SpinVox’s entry in the UK’s Data Protection Registry says that it does not transfer data outside the European Economic Area, so it appears to be breaking this. Meanwhile, the operators’ Facebook account has been shown on TechCrunch, and appears to include potentially commercial information from transcribed calls.
Spinvox has expanded swiftly since its foundation in 2004, using technology developed at Cambridge university, and $200m (£120m) in investment. It has offered a consumer service and then sold services to network operators.
Rivals such as the established Nuance Communications, say that the Spinvox service, transcribing short messages form multiple people over mobile phones could never have worked as described: “In Nuance’s view, this task will never be able to be totally automated in the near future. You cannot control the person leaving your voicemail, or the environmental factors,” said John West, solutions architect in Nuance’s mobile group. “Spinvox is offering something that is impossible to deliver now.”
Nuance Communications, the company behind the well known Dragon PC transcription system, has various contracts with operators, and traces its lineage through Xerox back to voice recognition and AI pioneer Ray Kurzweil in the 1970s.
In a statement to the BBC, Spinvox admitted that all speech systems use human intervention, and promised that when it does this, the messages are anonymised so they cannot be connected with a particular person. It would not reveal the proportion of its traffic that is treated in this way, or where it is sent.
Spinvox denies that the Egyptian call centre ever handled live calls, but was weeded out during training sessions because it wasn’t up to scratch – something the BBC claims to have had contradicted by staff there.

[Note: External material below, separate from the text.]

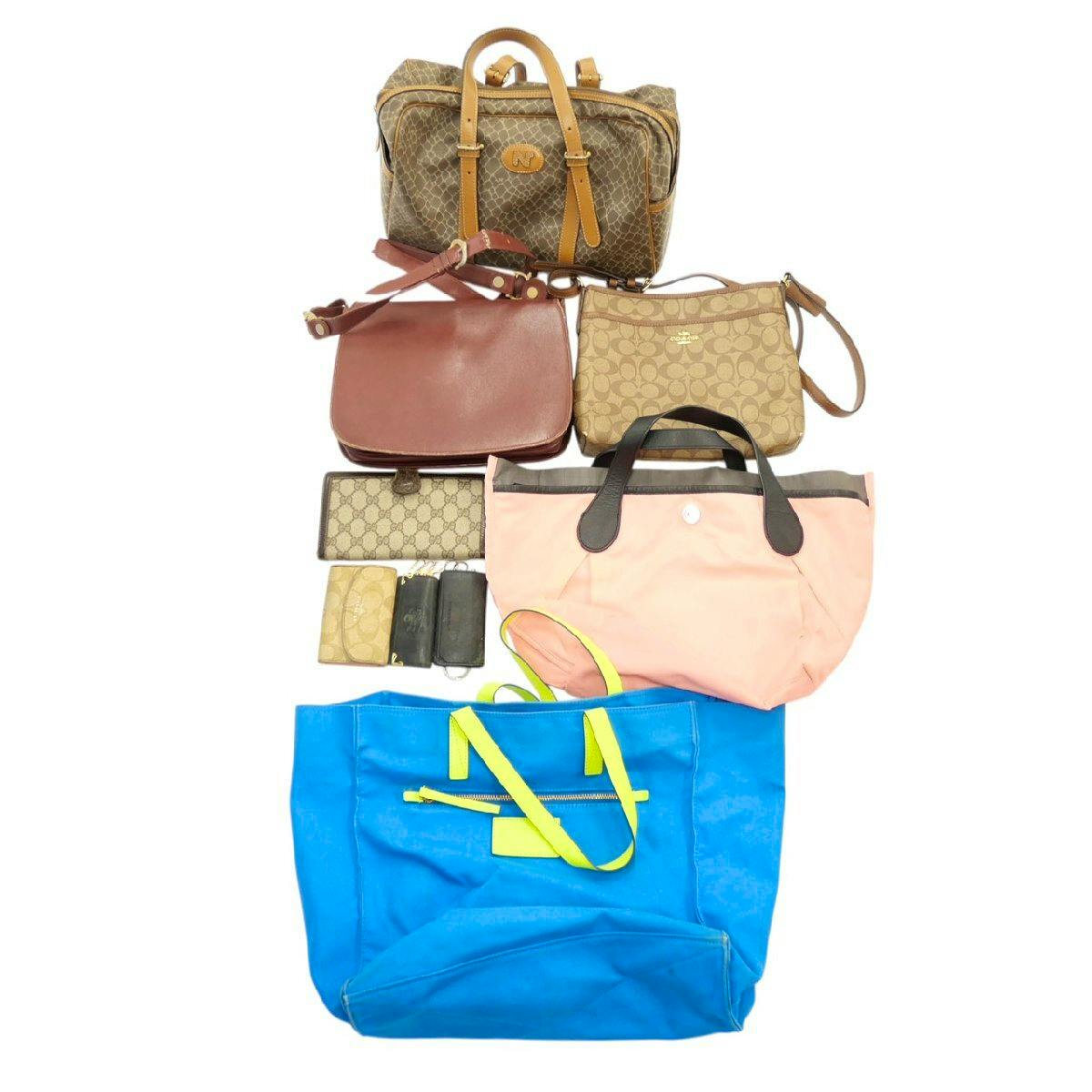 Several women's bags and small leather accessories (wallets, handbags, key case) arranged on a white background.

Experts are bemused that people are objecting that the service infringes privacy by using human transcribers, when normal voicemail systems are susceptible to eavesdropping, and even an automated transcription service would produce easily-searchable text.
“Come on people,” said analyst James governor of Red Monk on Twitter. “Everyone knows Spinvox is a Mechanical Turk [a concealed human presented as an automaton]. That’s what makes it so excellent.”
While speech recognition in the cloud has been evolving, speech recognition on devices themselves has been progressinng in devices such as the iPhone, devices using Intel’s Atom, or the Tesla Motors electric car.